* **Assignment**
Leave out the images; return the rest of the data exactly.
^^^^^^^^
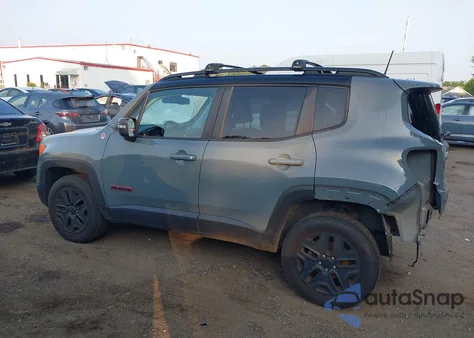 2018 Jeep Renegade Trailhawk 4X4 из США, поврежденный, VIN ZACCJBCB9JPH10531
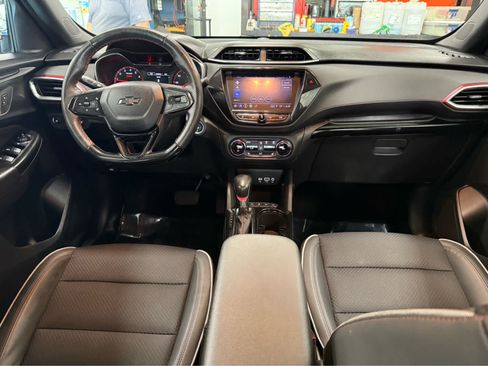 Used 2022 Chevrolet TrailBlazer RS w/ Convenience Package AWD/4WD image 28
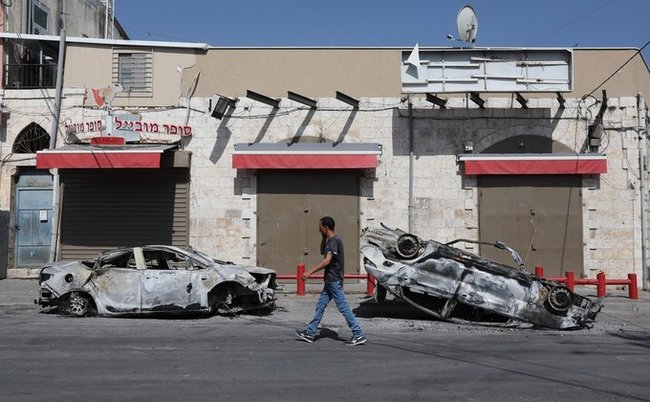 Ракетні обстріли і вуличні заворушення: кадри з Ізраїлю 49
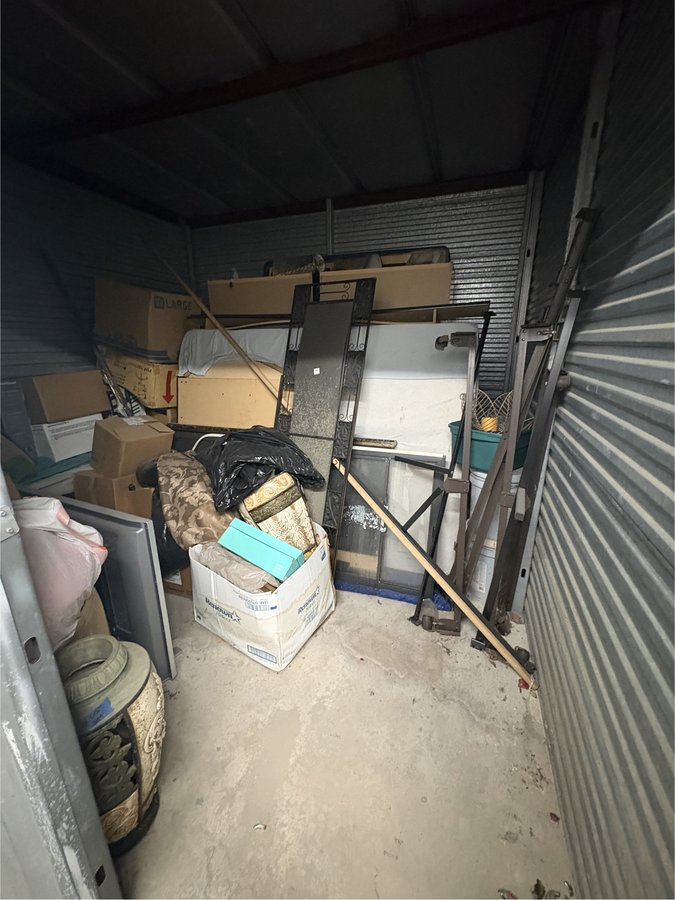 10 x 10 storage unit in Dallas, TX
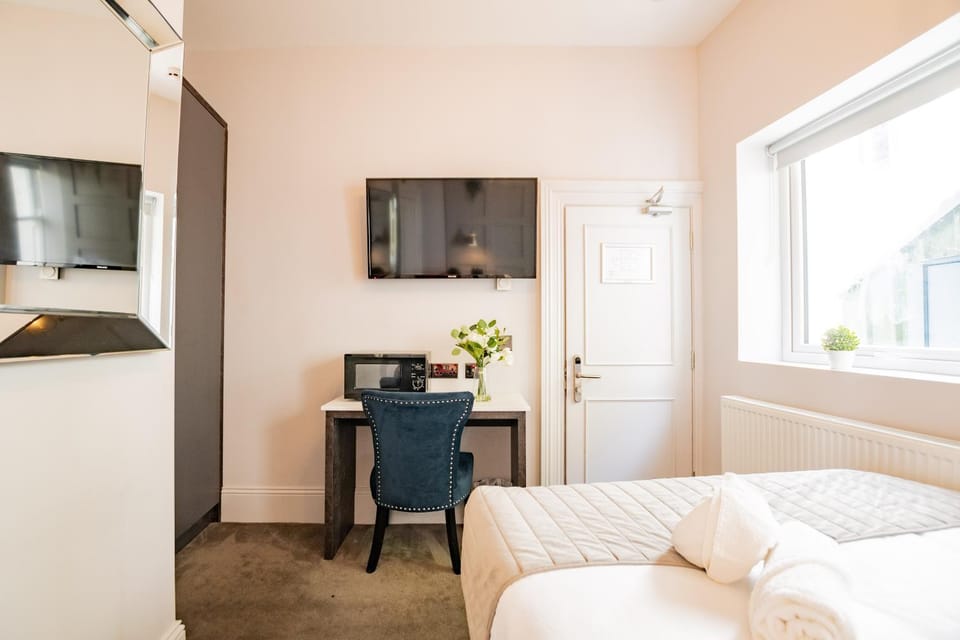 Seaside Getaway Suite - Sleeps 2 Apartment in Dublin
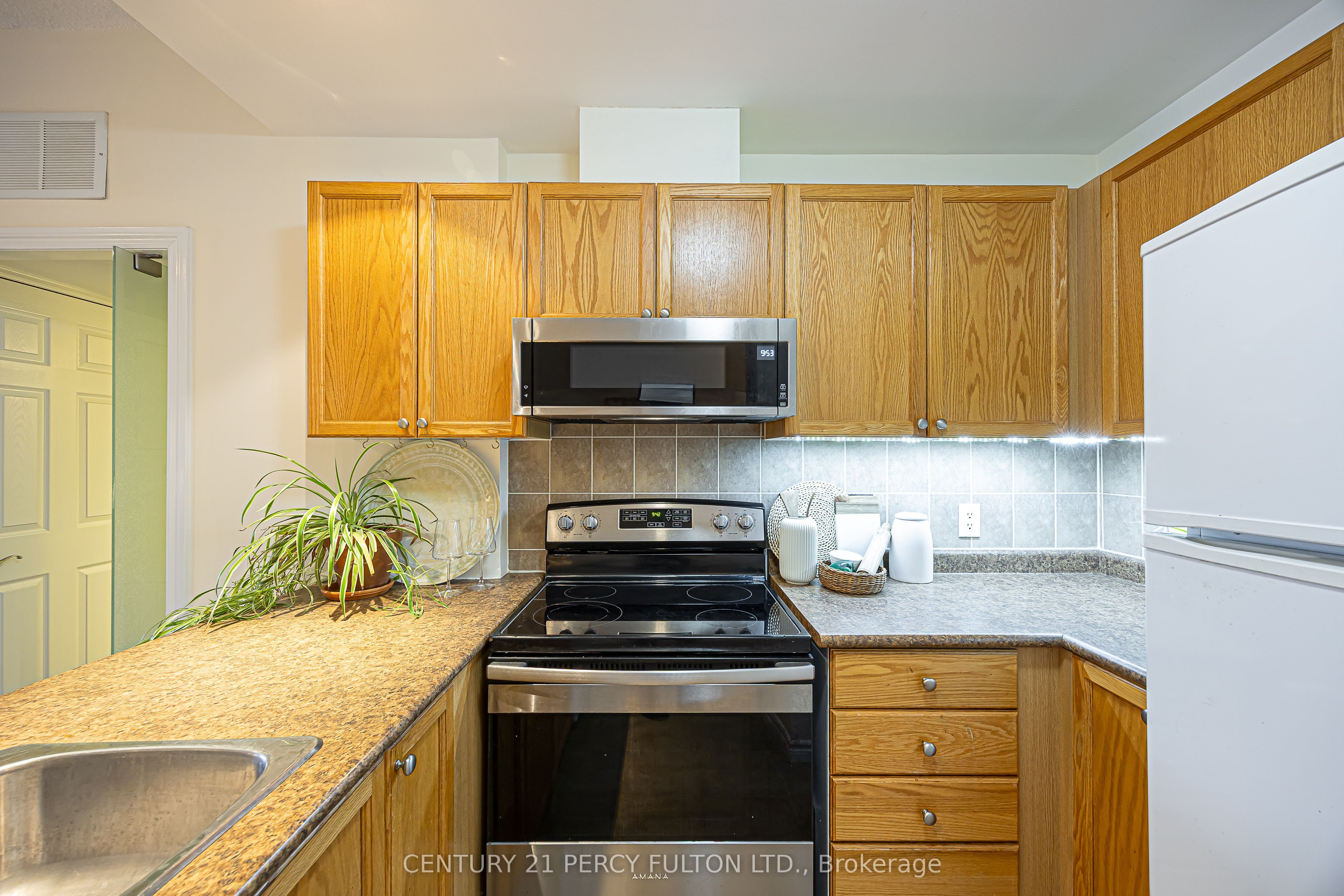 220 Main Street N 211 Property Photo 6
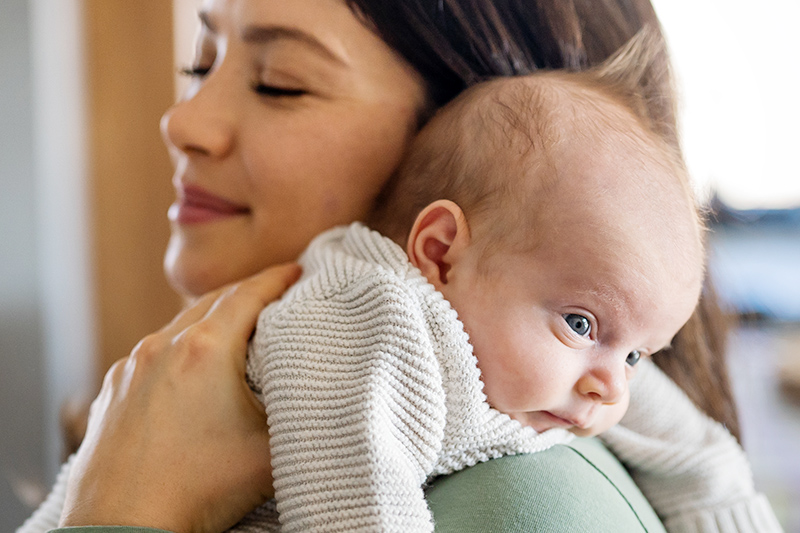 Das Baby sollte nach seinem Bedarf gestillt werden.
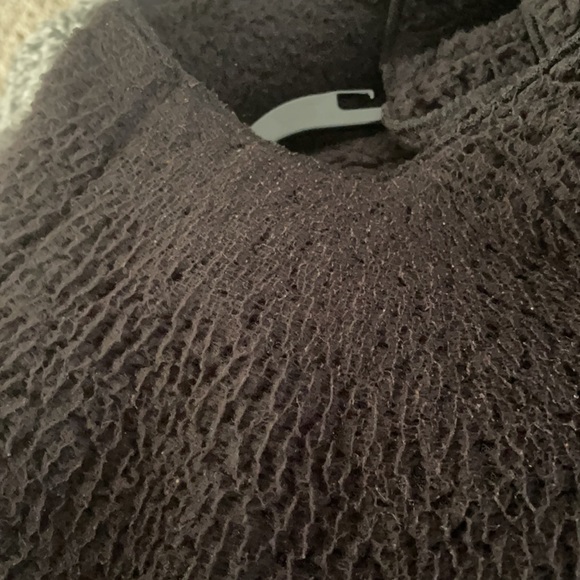 🖤Gently used super soft Sherpa hooded vest! - Picture 4 of 4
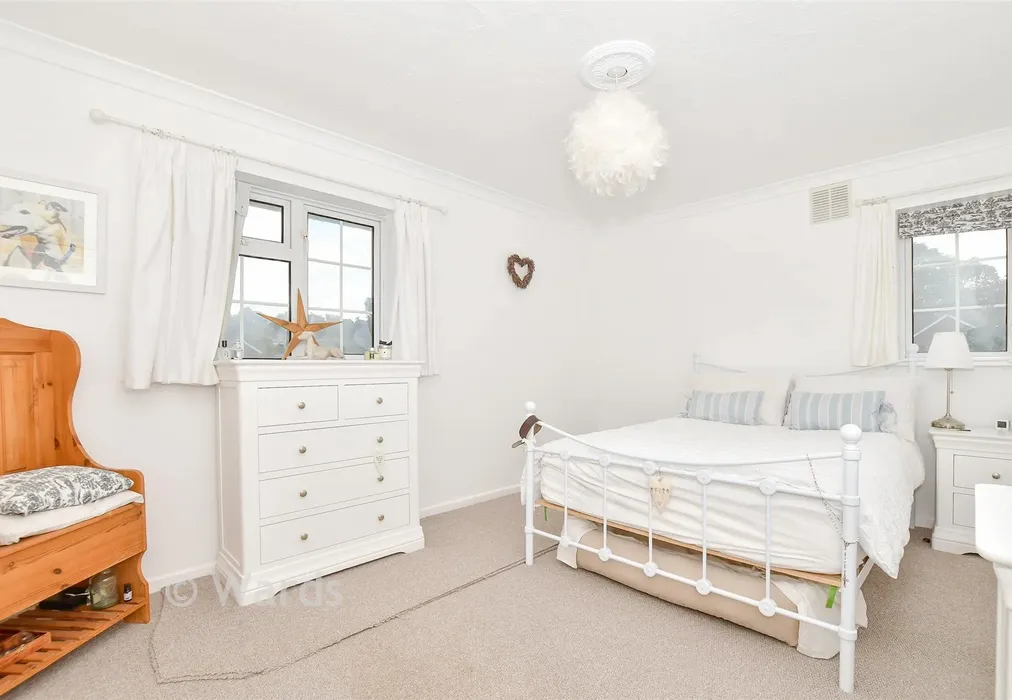 Bedroom 1 - Linkway, Ditton, Aylesford, Kent - Wards of Kent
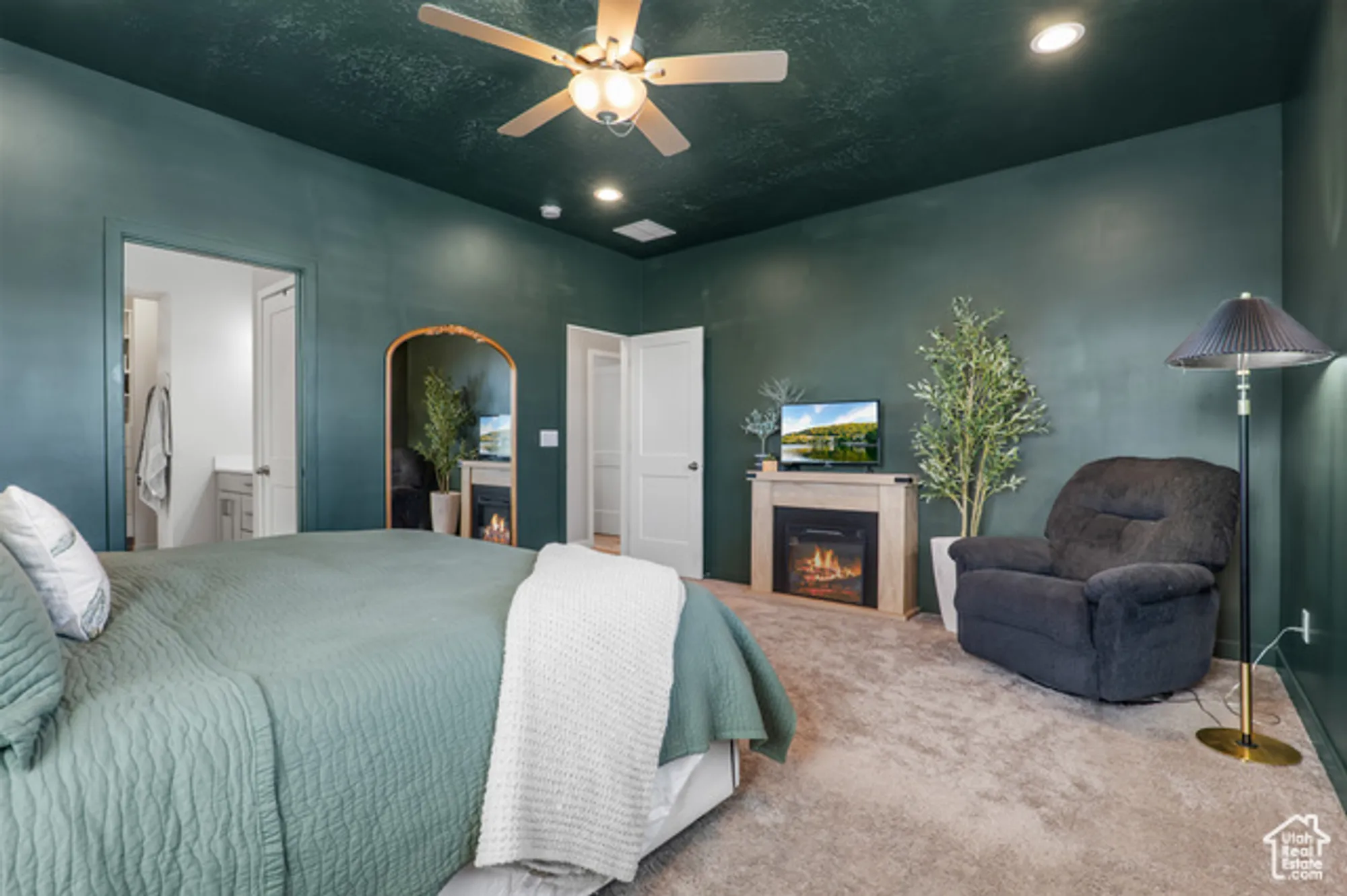 Property Slideshow image 43 of 65 | 11656 s moring point way # 572, South Jordan, UT, 84009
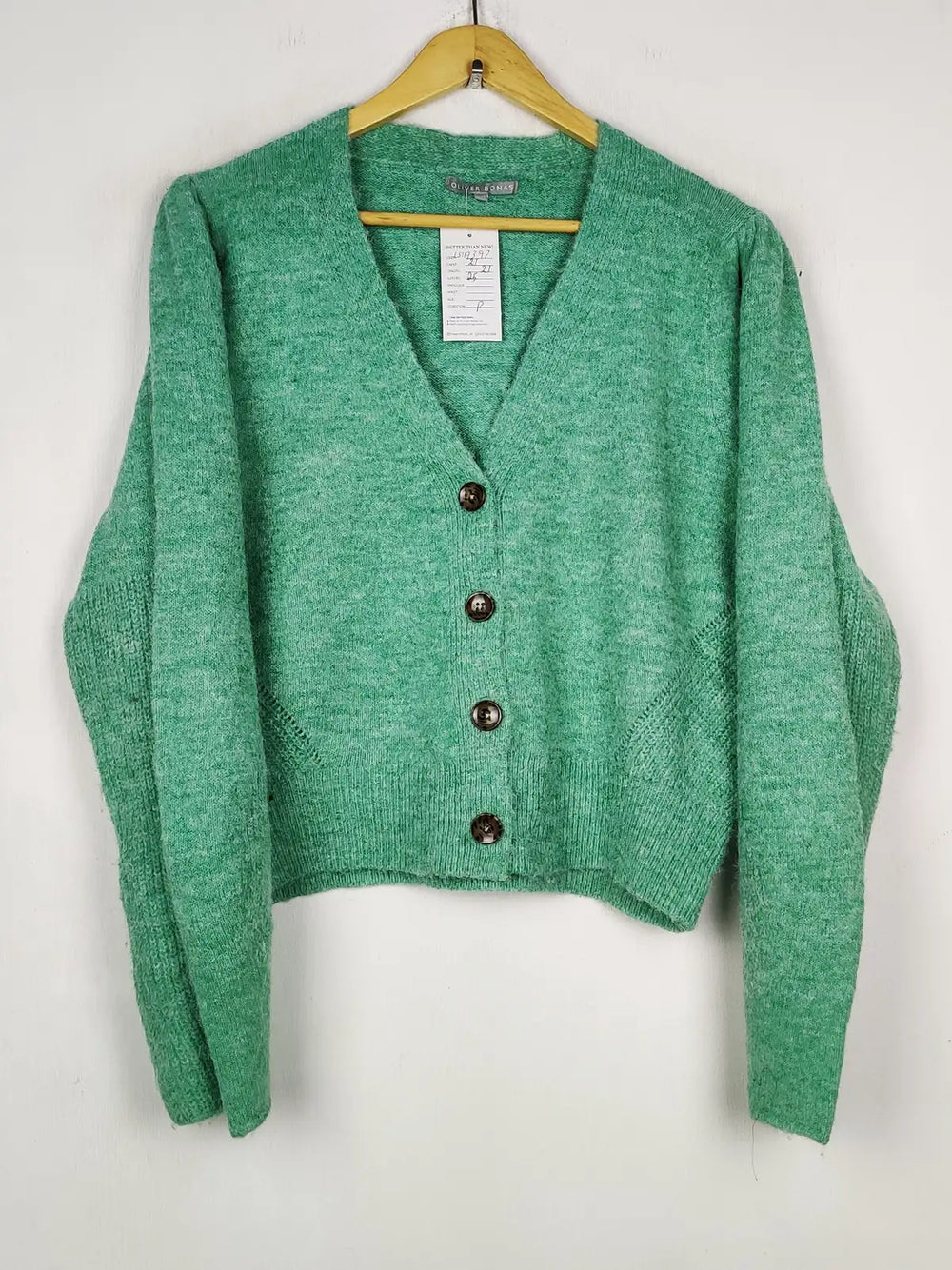 Buy online pre-used pre-loved 100% authentic & Original branded Oliver Bonas (LS-19397) available in Pakistan. Top international brands avilable.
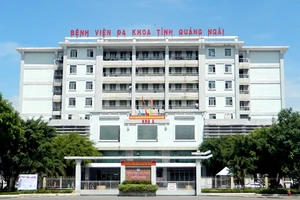 Chủ tịch UBND tỉnh Quảng Ngãi yêu cầu kiểm tra hoạt động dịch vụ xe cứu thương bên ngoài bệnh viện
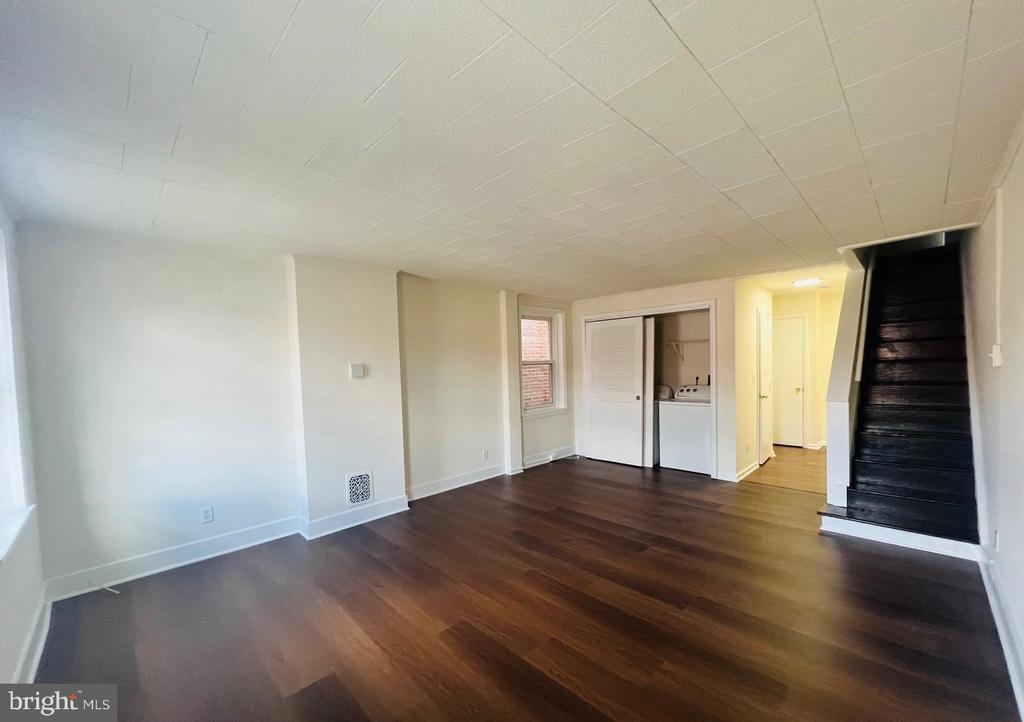 Residential Lease in BURLINGTON 3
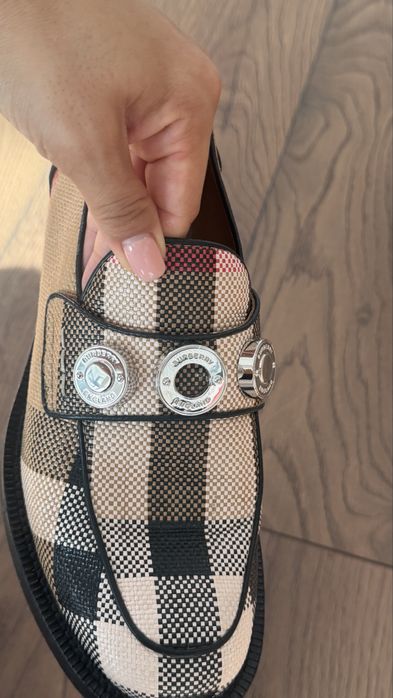 Лоферы Burberry оригинал 37 размер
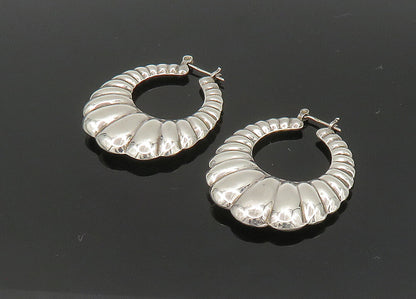 925 Sterling Silver  Vintage Shiny Hollow Scalloped Hoop Earrings  EG11184
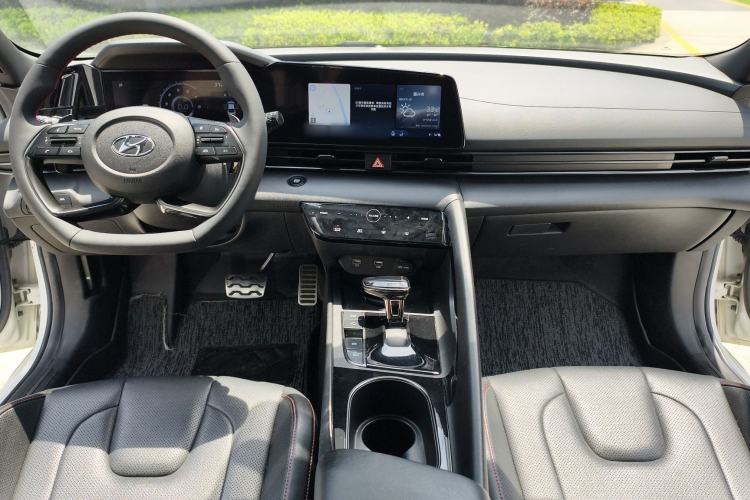 Used Hyundai Elantra 2021 240TGDi DCT LUX Prestige Edition Interior 4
^^^^^^^^
* **Task response**
 2018 Jeep Renegade Trailhawk 4X4 из США, поврежденный, VIN ZACCJBCB9JPH10531
 Used 2022 Chevrolet TrailBlazer RS w/ Convenience Package AWD/4WD image 28
 Ракетні обстріли і вуличні заворушення: кадри з Ізраїлю 49
 10 x 10 storage unit in Dallas, TX
 Seaside Getaway Suite - Sleeps 2 Apartment in Dublin
 220 Main Street N 211 Property Photo 6
 Das Baby sollte nach seinem Bedarf gestillt werden.
 🖤Gently used super soft Sherpa hooded vest! - Picture 4 of 4
 Bedroom 1 - Linkway, Ditton, Aylesford, Kent - Wards of Kent
 Property Slideshow image 43 of 65 | 11656 s moring point way # 572, South Jordan, UT, 84009
 Buy online pre-used pre-loved 100% authentic & Original branded Oliver Bonas (LS-19397) available in Pakistan. Top international brands avilable.
 Chủ tịch UBND tỉnh Quảng Ngãi yêu cầu kiểm tra hoạt động dịch vụ xe cứu thương bên ngoài bệnh viện
 Residential Lease in BURLINGTON 3
 Лоферы Burberry оригинал 37 размер
 925 Sterling Silver  Vintage Shiny Hollow Scalloped Hoop Earrings  EG11184
 Used Hyundai Elantra 2021 240TGDi DCT LUX Prestige Edition Interior 4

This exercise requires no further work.